> What to work on
Write out, from the entries below, exactly the lines that run between the lines holding "ローソン瀬川店(コンビニ)まで447m ツ－ワンハウス" and "Prince Edward speaks", inclusive, and stop there.

> Data for processing
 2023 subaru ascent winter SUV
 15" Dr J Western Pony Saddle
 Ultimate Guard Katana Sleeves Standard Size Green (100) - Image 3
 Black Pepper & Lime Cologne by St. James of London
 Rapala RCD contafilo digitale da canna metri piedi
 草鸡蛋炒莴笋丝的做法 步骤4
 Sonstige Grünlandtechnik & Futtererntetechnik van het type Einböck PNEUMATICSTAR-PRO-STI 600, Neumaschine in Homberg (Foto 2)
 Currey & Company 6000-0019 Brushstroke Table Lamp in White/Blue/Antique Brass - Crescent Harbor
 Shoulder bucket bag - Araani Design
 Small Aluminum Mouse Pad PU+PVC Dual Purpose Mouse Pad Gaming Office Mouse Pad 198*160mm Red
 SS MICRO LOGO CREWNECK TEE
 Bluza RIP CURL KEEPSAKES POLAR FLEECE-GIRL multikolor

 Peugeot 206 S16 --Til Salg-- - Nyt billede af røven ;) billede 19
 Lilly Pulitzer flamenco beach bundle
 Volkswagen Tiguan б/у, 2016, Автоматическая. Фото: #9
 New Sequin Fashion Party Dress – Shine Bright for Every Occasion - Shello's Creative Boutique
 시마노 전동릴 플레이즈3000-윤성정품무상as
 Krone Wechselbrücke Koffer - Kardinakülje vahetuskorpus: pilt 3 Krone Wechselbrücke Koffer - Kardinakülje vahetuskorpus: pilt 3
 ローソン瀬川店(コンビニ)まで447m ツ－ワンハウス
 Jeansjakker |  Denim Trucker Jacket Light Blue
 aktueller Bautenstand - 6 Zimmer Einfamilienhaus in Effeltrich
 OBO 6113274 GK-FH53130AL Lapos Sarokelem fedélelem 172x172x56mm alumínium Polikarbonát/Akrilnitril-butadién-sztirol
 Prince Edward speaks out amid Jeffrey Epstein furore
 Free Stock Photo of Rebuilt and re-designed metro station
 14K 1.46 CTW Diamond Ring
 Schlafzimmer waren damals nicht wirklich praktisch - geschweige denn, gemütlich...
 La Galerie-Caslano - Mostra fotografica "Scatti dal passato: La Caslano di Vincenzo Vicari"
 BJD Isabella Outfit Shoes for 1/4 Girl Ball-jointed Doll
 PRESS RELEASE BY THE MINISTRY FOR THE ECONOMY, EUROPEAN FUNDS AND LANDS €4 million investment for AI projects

> Response area
 ローソン瀬川店(コンビニ)まで447m ツ－ワンハウス
 Jeansjakker |  Denim Trucker Jacket Light Blue
 aktueller Bautenstand - 6 Zimmer Einfamilienhaus in Effeltrich
 OBO 6113274 GK-FH53130AL Lapos Sarokelem fedélelem 172x172x56mm alumínium Polikarbonát/Akrilnitril-butadién-sztirol
 Prince Edward speaks out amid Jeffrey Epstein furore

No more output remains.